The assets of Internet performance testing company Porivo Technologies have been sold at a cut-rate price to one of the firm’s former customers.

Waltham, Mass.-based Gomez, which also runs web performance tests recently acquired Porivo for an undisclosed sum. But Gomez spokesman Alan Alper, when asked whether the deal was a case of his company looking for expansion possibilities or Porivo looking for an out in a tough economy, tells LocalTechWire, “It was really both. … We got a good deal.”

Gomez acquired the technology assets of Porivo and hired two of the latter company’s employees, Alper says. “We didn’t want an office there (in Durham). We felt everything would work better consolidated up here,” he says.

Porivo was founded in early 2000 by two interns at the Aurora Funds venture capital firm, Sam Kirby and Will Holmes, and a third partner, John Hartingh. Aurora provided seed capital for the company and initially allowed operations to be run out of its Durham office.

Scott Albert of Aurora, who was a member of Porivo’s board of directors, didn’t return phone calls seeking comment about the sale.

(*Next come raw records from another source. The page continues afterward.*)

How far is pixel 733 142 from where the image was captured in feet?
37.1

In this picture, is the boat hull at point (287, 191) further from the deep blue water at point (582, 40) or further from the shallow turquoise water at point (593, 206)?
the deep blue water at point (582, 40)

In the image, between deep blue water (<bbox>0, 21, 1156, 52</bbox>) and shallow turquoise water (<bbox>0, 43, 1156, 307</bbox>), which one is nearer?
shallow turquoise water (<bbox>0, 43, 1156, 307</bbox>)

The initial idea behind the company involved “distributed computing,” or harnessing the computer processing power of desktop PCs while they are idle. Instead of running a screen saver, computers that are linked to a corporate network or the Internet would donate their processing power to handle the mountains of data collected by a computer system or through online transactions.

But Porivo later morphed into a performance measurement company, using distributed computing to build a global network of some 10,000 PCs to evaluate the speed of websites and other aspects of web performance from various types of Internet connections, Internet backbones and ISPs. The service provided customers with some perspective of the quality of the online experience of end-users and helped detect problems before they seriously affected online business transactions.

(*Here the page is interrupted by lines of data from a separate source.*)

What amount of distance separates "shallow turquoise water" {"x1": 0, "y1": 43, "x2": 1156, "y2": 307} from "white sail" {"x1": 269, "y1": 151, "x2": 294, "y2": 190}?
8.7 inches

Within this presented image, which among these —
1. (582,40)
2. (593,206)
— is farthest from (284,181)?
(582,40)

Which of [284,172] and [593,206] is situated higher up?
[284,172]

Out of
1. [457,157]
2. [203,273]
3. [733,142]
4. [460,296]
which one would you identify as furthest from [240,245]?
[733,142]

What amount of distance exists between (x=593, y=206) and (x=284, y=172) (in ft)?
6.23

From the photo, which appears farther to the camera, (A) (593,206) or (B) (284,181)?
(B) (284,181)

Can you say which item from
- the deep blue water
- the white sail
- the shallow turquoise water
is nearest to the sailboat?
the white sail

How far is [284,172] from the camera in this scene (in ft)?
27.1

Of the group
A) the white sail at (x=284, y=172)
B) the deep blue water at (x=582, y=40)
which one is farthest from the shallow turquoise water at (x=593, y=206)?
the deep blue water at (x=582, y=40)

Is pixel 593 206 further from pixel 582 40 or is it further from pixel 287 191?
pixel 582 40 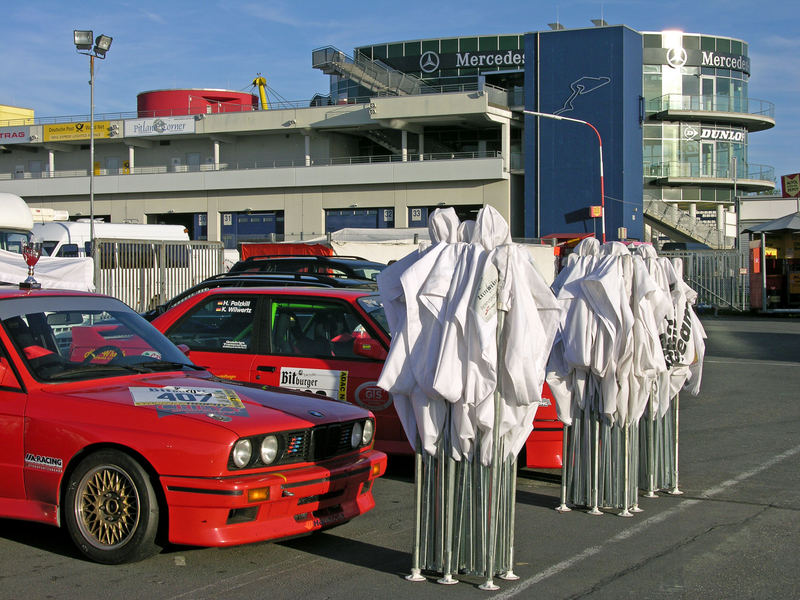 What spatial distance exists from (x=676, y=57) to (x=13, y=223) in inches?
1914

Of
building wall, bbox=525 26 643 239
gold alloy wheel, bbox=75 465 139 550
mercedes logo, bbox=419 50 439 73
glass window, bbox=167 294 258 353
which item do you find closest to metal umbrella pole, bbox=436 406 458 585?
gold alloy wheel, bbox=75 465 139 550

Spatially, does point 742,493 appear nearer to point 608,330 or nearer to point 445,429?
point 608,330

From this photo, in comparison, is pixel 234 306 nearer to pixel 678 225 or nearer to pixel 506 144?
pixel 506 144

The company attracted $2.2 million in venture capital during its life – much of it from Aurora – and during its height opened an office in Silicon Valley and hired a former executive of NBC’s Internet division as chief executive. Its customer list included the likes of Microsoft, WorldCom, Global Knowledge and North Carolina State University.

Gomez also signed up as a Porivo customer. The company measures performance from an ISP to a website and used Porivo’s service to measure from a site to the desktops of users, Alper says. The firm welcomed the opportunity to bring that technology in house when Porivo’s assets became available.

“We saw a lot of possibilities in peer networking,” he says. “This definitely helps us extend our web monitoring and gives us visibility on the desktop.”